Socks that would make me feel like I could handle those things too. Stuart loved this. He bought me my first pair of wool socks
and he resolved to wear nicer socks too. He lapped me pretty quickly. He took it way further than I did. He always had
fantastic socks. Wool, great quality, fun colors, quirky patterns, and so many pairs,
each of them different and just so much fun. He out-socked me big time.
I still try to wear nice socks. I learned pretty quickly that cheap socks
are a false economy. The wool socks I buy are not cheap. They are embarrassingly expensive,
like 25 bucks a pair. But what's fun about it is it's an area where you can totally splurge
without breaking the bank.
You can really go for it. You can throw caution to the wind. You can act like money is of no object.
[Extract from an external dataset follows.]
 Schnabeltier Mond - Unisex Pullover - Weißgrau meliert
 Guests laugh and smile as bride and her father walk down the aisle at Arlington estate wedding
You can do what I did back in 2006 and throw out all of your socks and replace them with amazing,
warm, 100% wool socks. I have about eight pairs. I mean, how many do you need? Eight's enough for me.
They last forever. I have some that are like 10 or 15 years old,
and my family knows what to buy me for Christmas and birthday presents.
Stuart and I laughed so hard about that ridiculous resolution, but it turns out it was one of the best resolutions I ever made.
A small, unimportant thing that made every day of my life better.
I think that was the last New Year's resolution I ever made.
After that silly resolution, I guess I figured I was pretty much done with the resolutions.
I still pause at this time of year to reflect. I think
about the previous year and what worked and what didn't work. I think about what
was a good use of time and what wasn't. I try to figure out how to better use my
time to help others, to help myself, to find more time with my family. It's a
process that is inspired in part
by the Dave and Morley story I want to play you next,
a story about Dave and his New Year's resolutions.
My New Year's resolutions inspired this next story,
and then this story inspired me to change my resolutions.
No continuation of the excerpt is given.